*Action item:*
Could you please retype exactly the lines from the start of the records below through the line that contains "lavender villa bedroom2", both included, and leave out the pictures?

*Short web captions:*
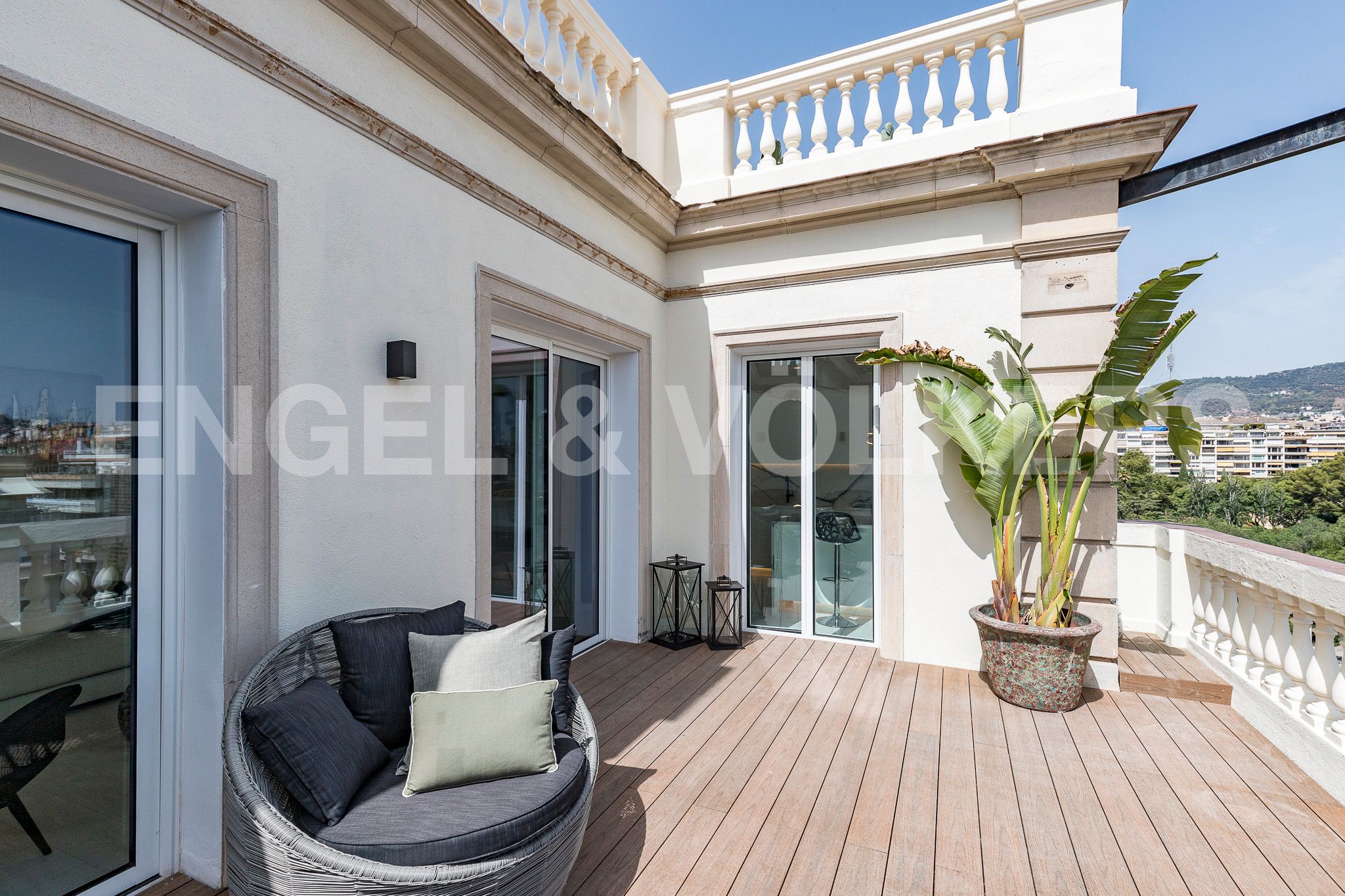 Terrace of Attic to rent in  Barcelona Capital  with Air Conditioner, Heating and Parquet flooring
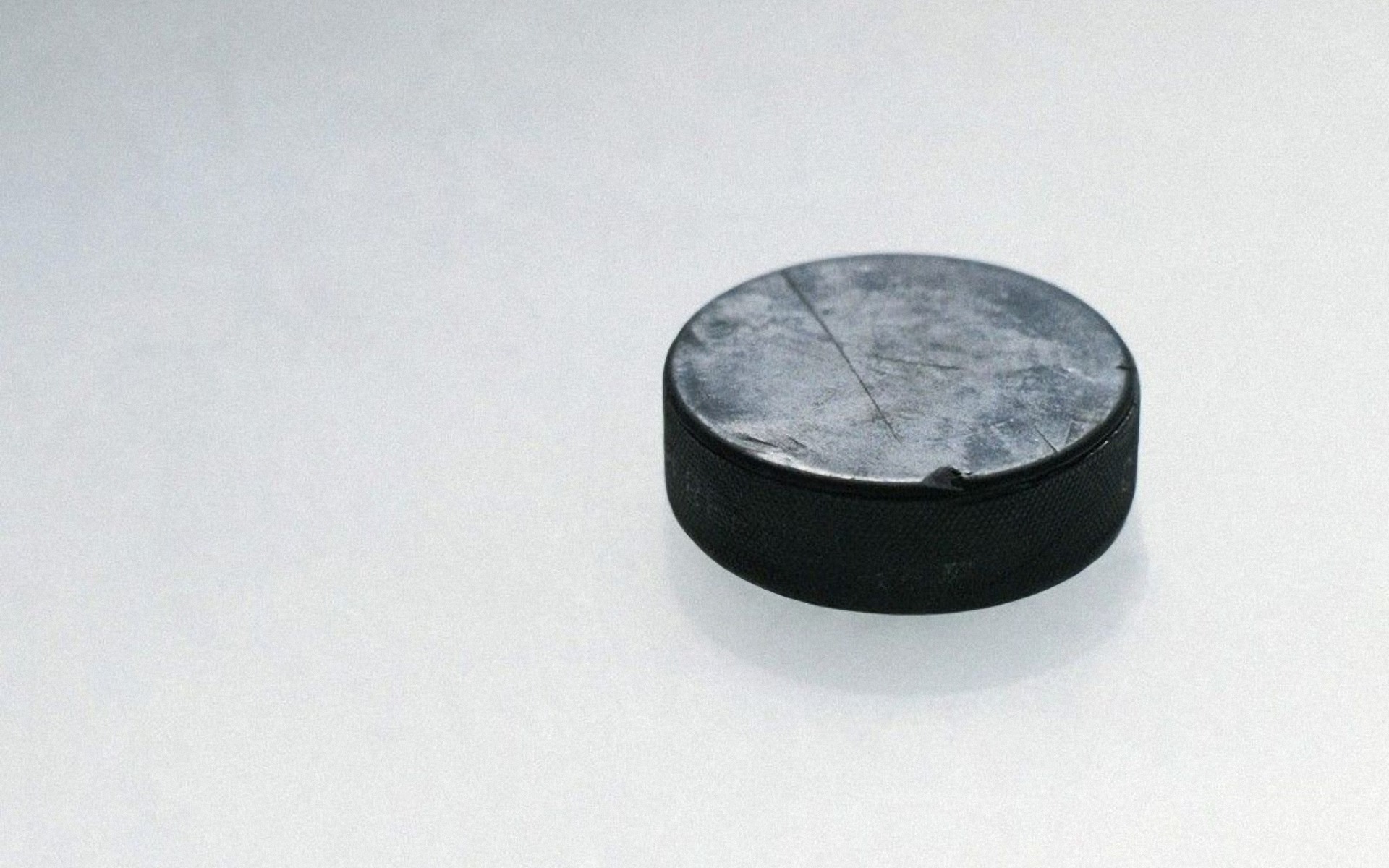 Hockey Puck Wallpaper Pictures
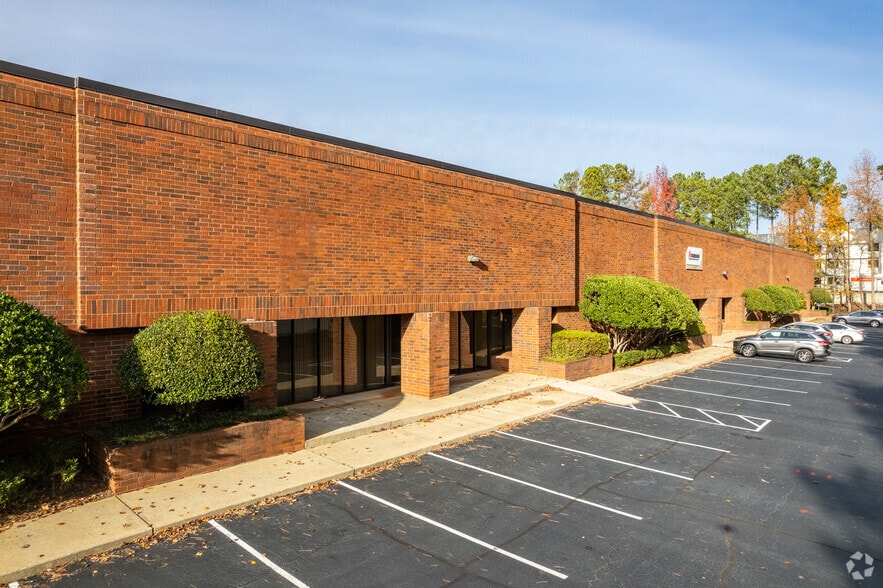 Primary Photo Of 5425 Peachtree Industrial Blvd, Peachtree Corners Distribution For Lease
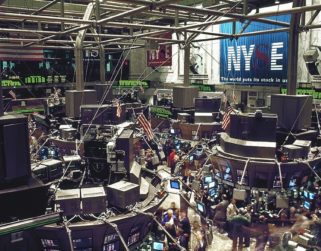 Wall Street abre con pérdidas y el Dow Jones baja 0,86% lastrado por tecnológicas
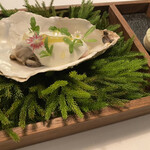 Installation Table ENSO L'asymetrie du calme - 牡蠣の食べ方の最適解の１つに認定したいほど美味しかった！マカロンに挟まれた牡蠣のソースの爆発的な美味さに心が弾け、丁寧に火を入れた牡蠣の身に心が蕩けました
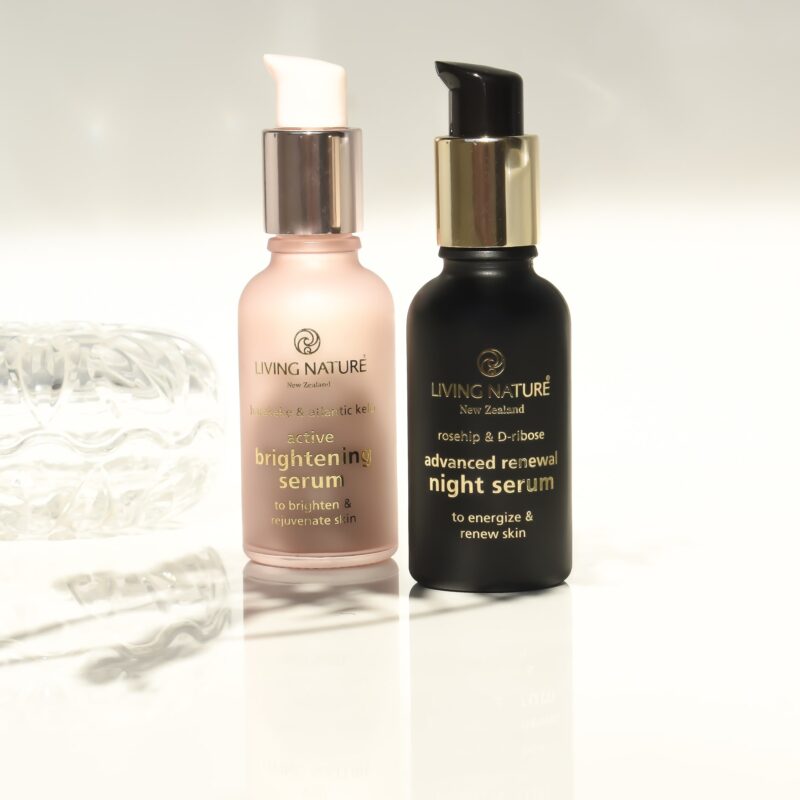 Serum hồng dưỡng trắng da, chống lão hóa Living Nature Active Brightening Serum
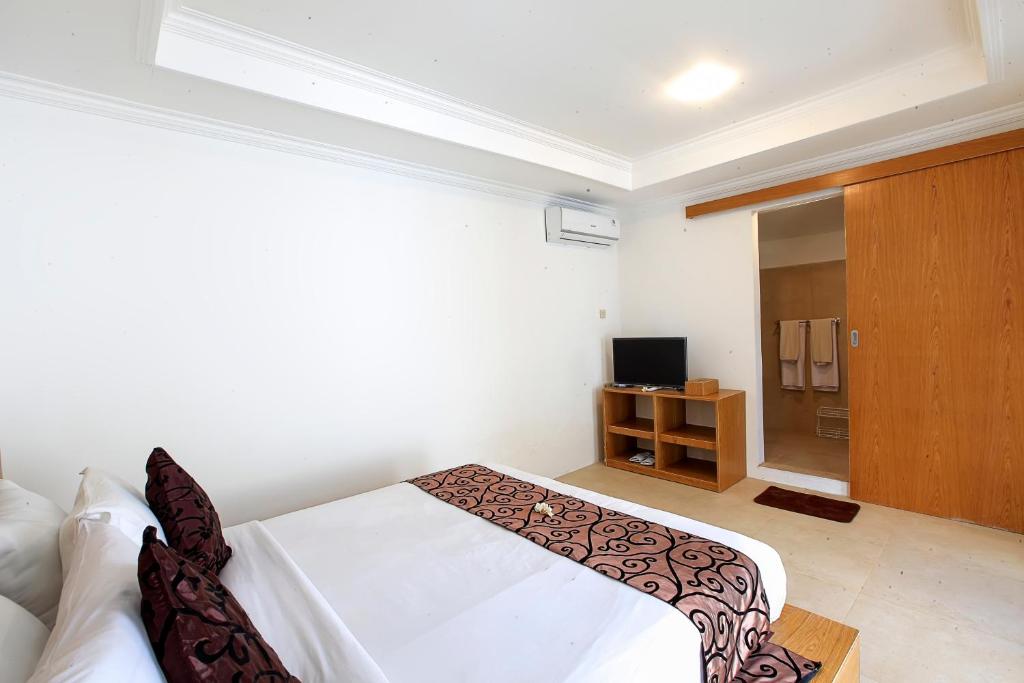lavender villa bedroom2
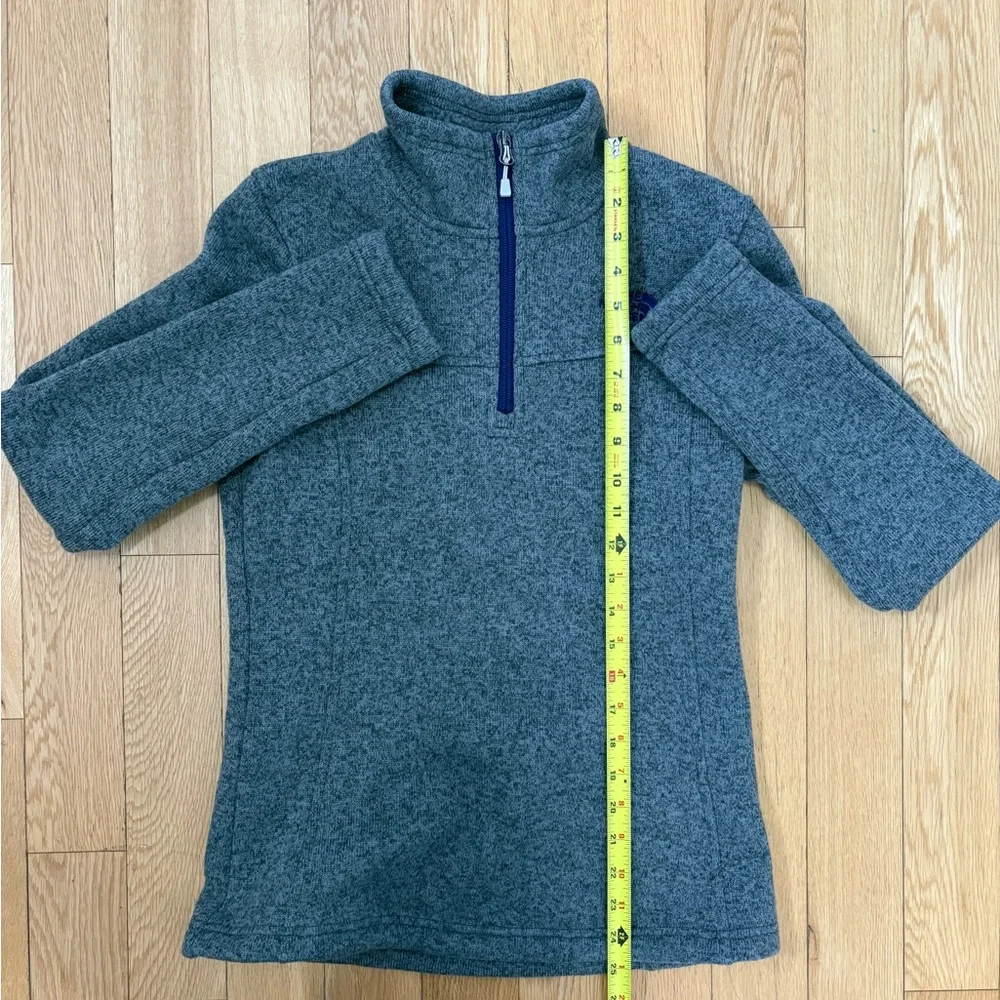 The North Face Grey Heathered 1/4 Zip Fleece Sweater Jacket Small Purple Logo - Picture 6 of 7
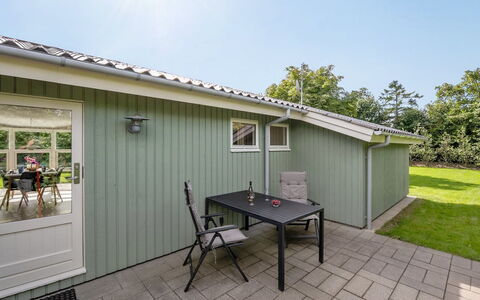 Anabella - 400M to the Fjord: Træ, Tag, Arkitektur, Hjem, Hus, Sommerhus, Sidespor, Hårdttræ, Hældning, Estate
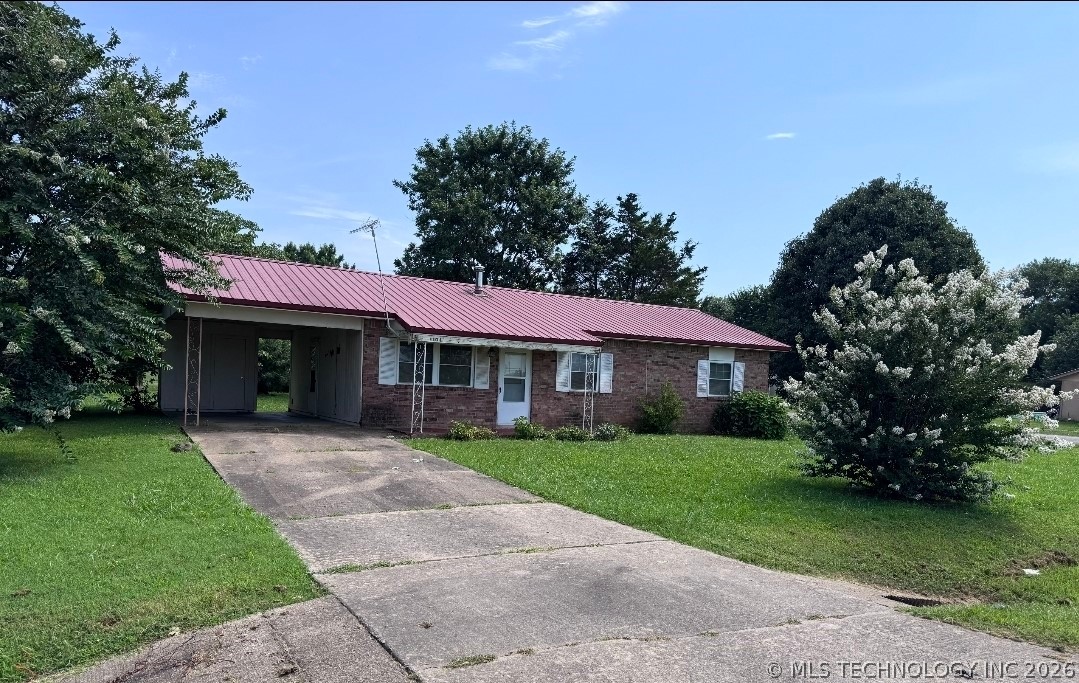 1106 W Hickory Street Stilwell OK 74960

*Solution for this problem:*
 Terrace of Attic to rent in  Barcelona Capital  with Air Conditioner, Heating and Parquet flooring
 Hockey Puck Wallpaper Pictures
 Primary Photo Of 5425 Peachtree Industrial Blvd, Peachtree Corners Distribution For Lease
 Wall Street abre con pérdidas y el Dow Jones baja 0,86% lastrado por tecnológicas
 Installation Table ENSO L'asymetrie du calme - 牡蠣の食べ方の最適解の１つに認定したいほど美味しかった！マカロンに挟まれた牡蠣のソースの爆発的な美味さに心が弾け、丁寧に火を入れた牡蠣の身に心が蕩けました
 Serum hồng dưỡng trắng da, chống lão hóa Living Nature Active Brightening Serum
lavender villa bedroom2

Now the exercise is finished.